WHAT YOU ARE ASKED TO DO ->
Under this line are the records; write out word for word the part that begins at the line containing "Hinged Ring 1.0/1.2mm" and ends at the line containing "Artist Rosemary Carr", and no more.

GIVEN RECORDS ->
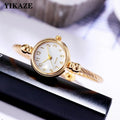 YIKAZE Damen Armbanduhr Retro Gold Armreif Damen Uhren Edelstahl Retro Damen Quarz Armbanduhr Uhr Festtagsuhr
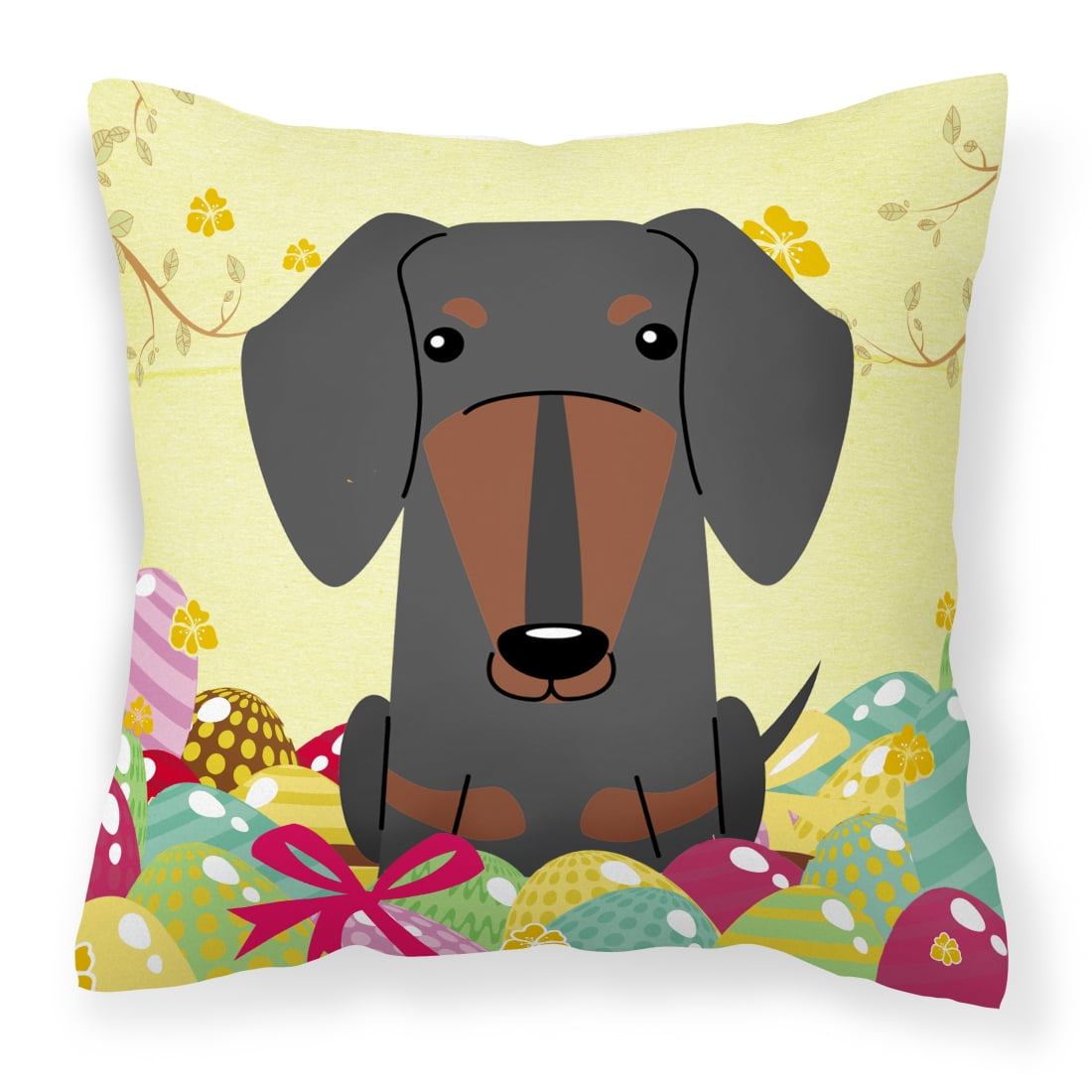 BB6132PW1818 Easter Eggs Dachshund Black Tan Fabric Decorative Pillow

* * *

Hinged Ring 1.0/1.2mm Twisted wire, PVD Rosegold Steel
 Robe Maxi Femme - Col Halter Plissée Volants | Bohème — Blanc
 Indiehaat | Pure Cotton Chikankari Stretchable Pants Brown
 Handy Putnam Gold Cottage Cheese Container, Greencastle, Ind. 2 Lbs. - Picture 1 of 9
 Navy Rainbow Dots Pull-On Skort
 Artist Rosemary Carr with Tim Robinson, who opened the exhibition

EXERCISE RESULT ->
Hinged Ring 1.0/1.2mm Twisted wire, PVD Rosegold Steel
 Robe Maxi Femme - Col Halter Plissée Volants | Bohème — Blanc
 Indiehaat | Pure Cotton Chikankari Stretchable Pants Brown
 Handy Putnam Gold Cottage Cheese Container, Greencastle, Ind. 2 Lbs. - Picture 1 of 9
 Navy Rainbow Dots Pull-On Skort
 Artist Rosemary Carr with Tim Robinson, who opened the exhibition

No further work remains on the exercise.